Round two in the fight of the century is about to start. In one corner, science sits slumped on a stool, bloodied and bowed. In the opposite corner, wishful thinking dances from issue to issue, ready to give science another beating.
Large swaths of the country are reopening their economies. Yet few places have sufficient testing capacity, the first bullet point in the Centers for Disease Control and Prevention's guidelines for ending shelter-in-place orders.
With testing hovering around 350,000 people daily, the U.S. is still six weeks away from having enough kits to test 1% of the population each week. Epidemiologists say that level is needed to adequately track and trace the disease and prevent future outbreaks.
Epidemiologists estimate it will take anywhere from 100,000 to 300,000 new public health workers to find people who were exposed to disease-carrying individuals—so-called contact tracing. Community colleges are offering tracer training classes. States are deploying National Guard units and public health personnel, already in short supply.
We're nowhere near the necessary number. The bipartisan United States of Care has called for $46 billion in federal aid to supplement inadequate state efforts. Senate Majority Leader Mitch McConnell says new legislation won't be discussed until mid-June at the earliest. Opposition to "bailing out" states is mounting.

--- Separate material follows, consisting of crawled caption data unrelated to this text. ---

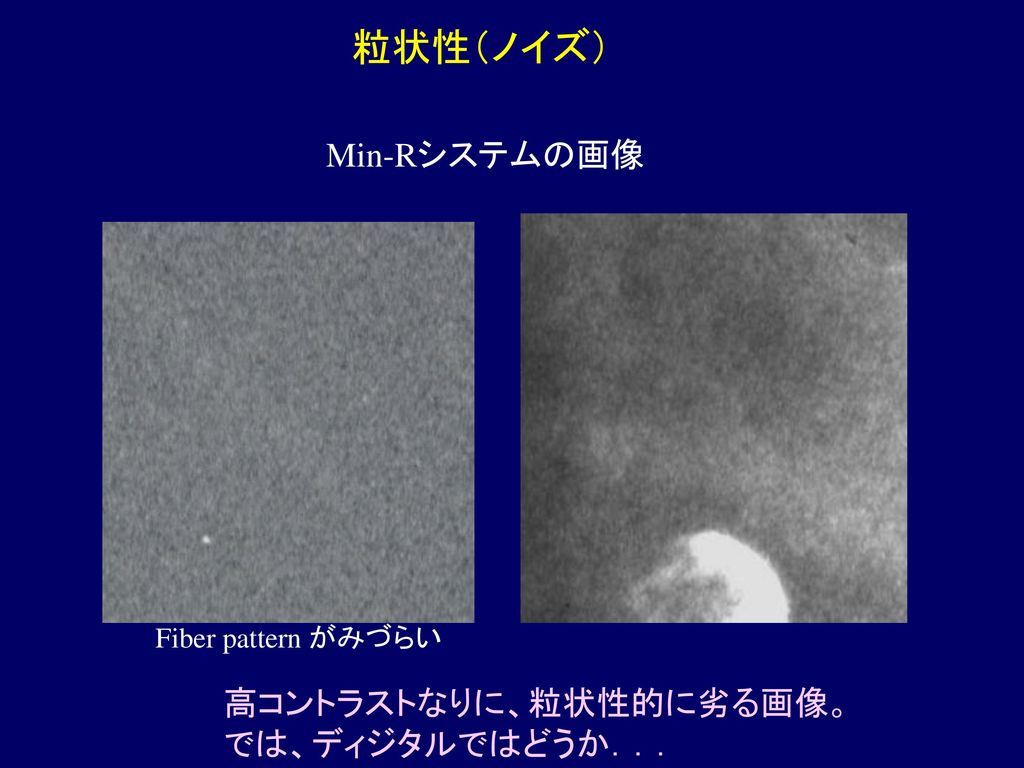 粒状性（ノイズ） Min-Rシステムの画像 高コントラストなりに、粒状性的に劣る画像。 では、ディジタルではどうか．．．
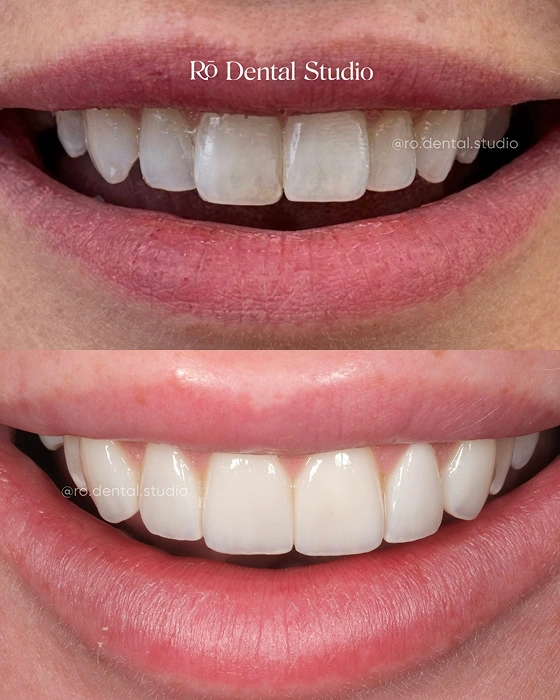 Before-and-after no-prep veneer treatment showing a brighter, straighter, natural-looking smile achieved with minimally invasive cosmetic dentistry.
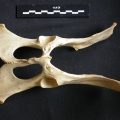 Pelvis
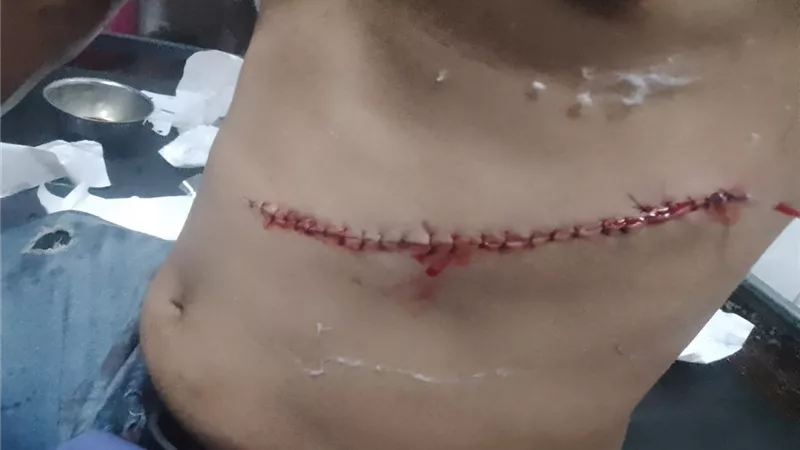 70 غرزة في البطن و24 بالذراعين.. تفاصيل الاعتداء على مواطن بالأسلحة البيضاء بالزقازيق
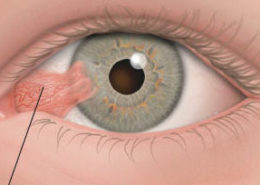 Tratamiento de Pterigium en el ojo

Several recent studies offer a clear warning as to what will happen when regions reopen before seeing a sustained decline in new cases. University of Iowa researchers looked at neighboring counties on either side of the Mississippi River. Illinois issued a shelter-in-place order on March 21. Iowa did not. Over the next 30 days, the Iowa counties had 30% more COVID-19 cases per capita than the Illinois counties.
A new CDC report shows how fast things can spin out of control when institutions that involve mass gatherings—churches, sports arenas, bars and restaurants—reopen without proper social distancing and masking. The pastor of an Arkansas church developed symptoms in early March after attending church-related events. Within days, 35 parishioners had COVID-19. Three died. Contact tracing turned up another 26 cases in the community.
One way to downplay the pandemic is to fudge the numbers. Some governors are taking their cues from President Donald Trump, who recently said that "testing is, frankly, overrated. … If we didn't do any testing, we would have very few cases."
A day later, Florida Gov. Ron DeSantis fired the data manager for the Florida Department of Health. She told an Orlando television station she was removed because she wouldn't "change data to drum up support for the plan to reopen." Similarly, Georgia's public health department published a graph showing new COVID-19 cases in decline by arranging the data in descending, not chronological, order. It was later rescinded.
The ultimate tools for fighting COVID-19 will be treatments and a vaccine. While headlines suggest there have been major advances on both fronts, the scant science behind those pronouncements is disturbing.
When Moderna announced that eight patients in its vaccine safety trial showed an immune response, the stock market soared. That night, the company, which doesn't have a single approved product, concluded a $1.8 billion stock sale. Yet the release contained no information about 37 others in the trial.
When the National Institute of Allergy and Infectious Diseases announced Gilead Sciences' experimental drug remdesivir had shown a modest reduction in how long patients stay sick, it stopped the trial before learning if the drug reduced mortality, a more important measure. The Food and Drug Administration used the partial data to issue an Emergency Use Authorization for the drug.
The fight between science and wishful thinking goes on. But one outcome is already known. Ignoring science won't end the economic downturn. It will only prolong it.